La última gran erupción se registró en junio de 2018, en la cual alrededor de 431 personas perdieron la vida. En esa ocasión, las alarmas sonaron demasiado tarde como para permitir la evacuación de algunas familias. Esta vez, se emitieron las alarmas durante el aumento de la actividad y aunque no representó mayor peligro, las autoridades se encuentran en constante comunicación con las comunidades para advertir sobre el peligro.

El portavoz de la Coordinadora Nacional para la Reducción de Desastres, David De León, anunció que por ahora se descartan las evacuaciones, aunque se monitorea en todo momento la actividad del volcán. Al momento se han reportado de seis a ocho explosiones por hora, así como sonidos similares a los de una locomotora de tren.

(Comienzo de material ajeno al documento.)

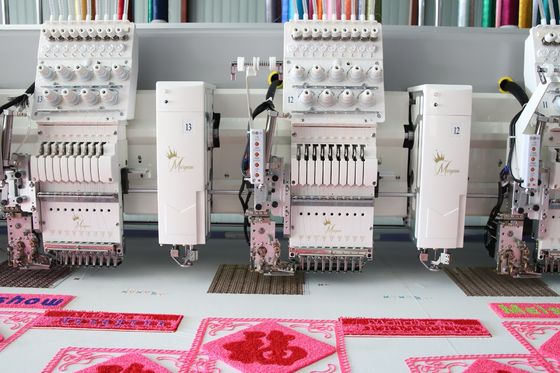 Machine de broderie de serviettes informatisée 15 têtes 13 langues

El Volcán de Fuego, un eslabón clave en el Cinturón de Fuego

Desde los tiempos de la colonia española se anunció la constante actividad del Volcán de Fuego en Guatemala. Según la obra “Compendio de la historia de la Ciudad de Guatemala” del historiador Domingo Juarros en 1818, el volcán ya había hecho varias erupciones. Una en 1581, otra en 1586, 1623, 1705, 1710, 1717, 1732 y 1737, pero todas causantes de daños a su alrededor.

Este volcán ha estado activo desde que la Tierra lo vio nacer y aunque en algunos momentos revela tranquilidad, nunca hay que olvidar que forma parte de una de las líneas más sensibles de las placas tectónicas, el Cinturón de Fuego.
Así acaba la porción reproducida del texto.